Yesterday NAR released existing home sales and median home price information that showed gains of 5.1 percent in prices in May 2014 compared to May 2013, the same pace of year over year growth as in April and notably slower than double-digit trends in summer/fall 2013.
Today, both the FHFA and S&P/Case-Shiller released their housing price index data for April. Both data series showed continued gains in home prices with some deceleration suggesting that the pace of home price increase should fall back into a more normal range in the next few months as NAR data has indicated.
Case-Shiller reported gains of 10.8 percent each for the 10- and 20-city indexes in the year ending April 2014, while FHFA reported home price gains of 5.9 percent for the same period.
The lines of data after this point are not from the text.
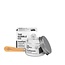 The Humble Co Dentifricio in vasetto al carbone vegetale 50 Millilitri
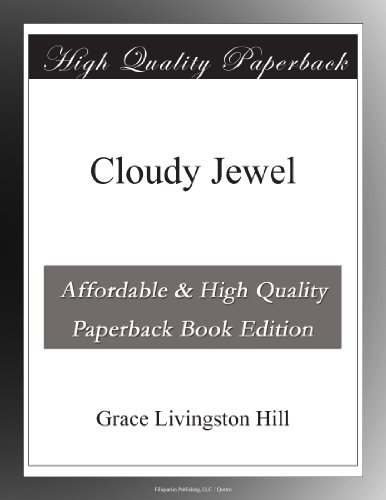Cloudy Jewel
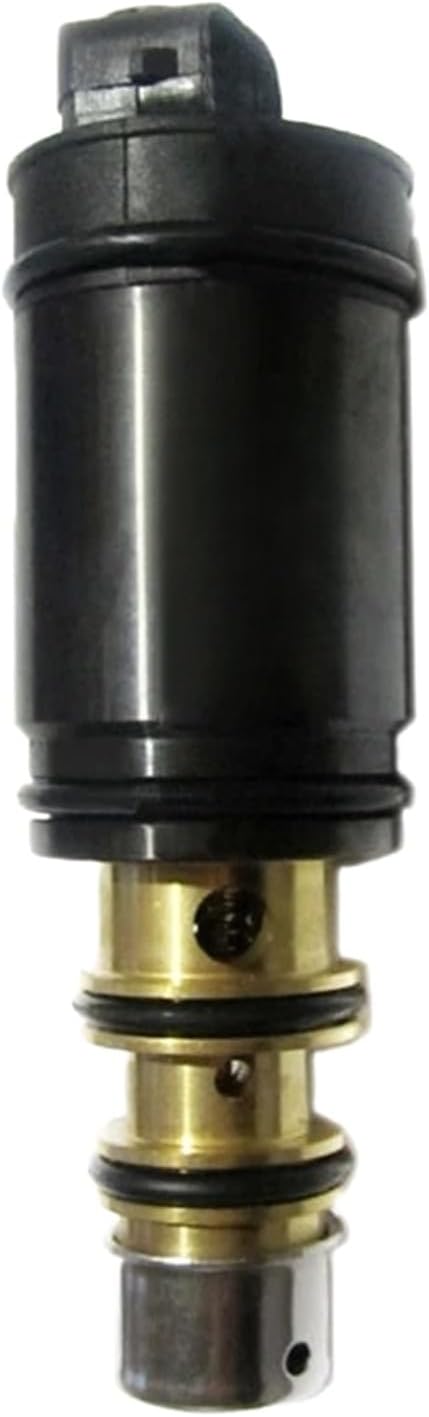 7SEU17C AC Air Conditioning Compressor Electronic Refrigerant Solenoid Control Valve Compatible with Mercedes Benz W203 CL203 S203 C240 C320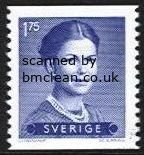 (image for) 1kr 75 Royal Blue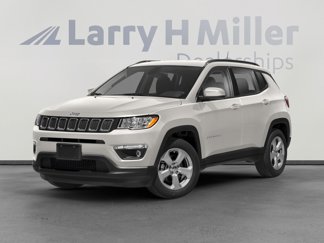 Used 2018 Jeep Compass Latitude w/ Popular Equipment Group image 1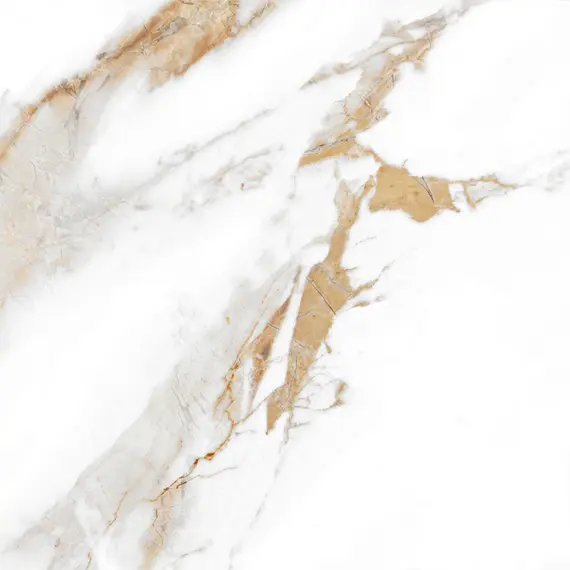 Керамогранит Калакатта Роял / Calacatta Royal Белый 60x60 _ 1\43,2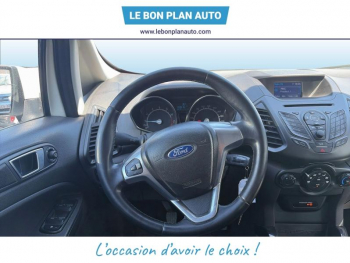Photo 20 du bon plan FORD EcoSport 1.0 EcoBoost 125ch Titanium occasion à 7690 €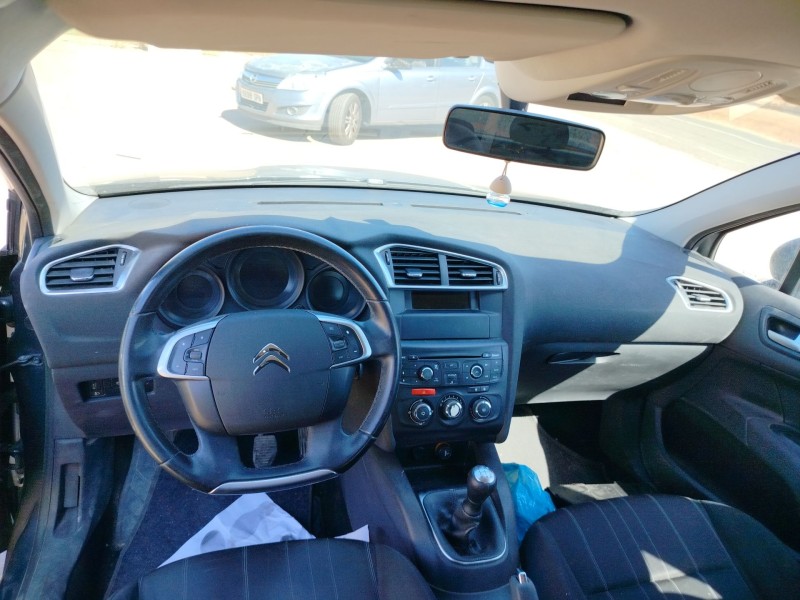 citroën c4 lim. del año 2013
NAR reports the median price of all homes that have sold while FHFA and Case-Shiller report the results of a weighted repeat-sales index. Because home sales among higher priced properties have been growing more than among lower price tiers, the NAR median price had risen by more than the weighted repeat sales index—which computes price change based on repeat sales of the same property.
The reason Case-Shiller’s reported price growth now exceeds NAR’s is likely a result of the data lag. Case Shiller uses public records data which has a reporting lag. To deal with the lag, Case Shiller data is based on a 3 month moving average, so reported April prices include information from repeat transactions closed in February, March, and April. For this reason, the changes in the NAR median price tend to lead Case Shiller.
FHFA sources data primarily from Fannie and Freddie mortgages, transactions using prime conventional financing, and misses out on cash transactions as well as jumbo, subprime, and government backed transactions such as those using VA or FHA financing.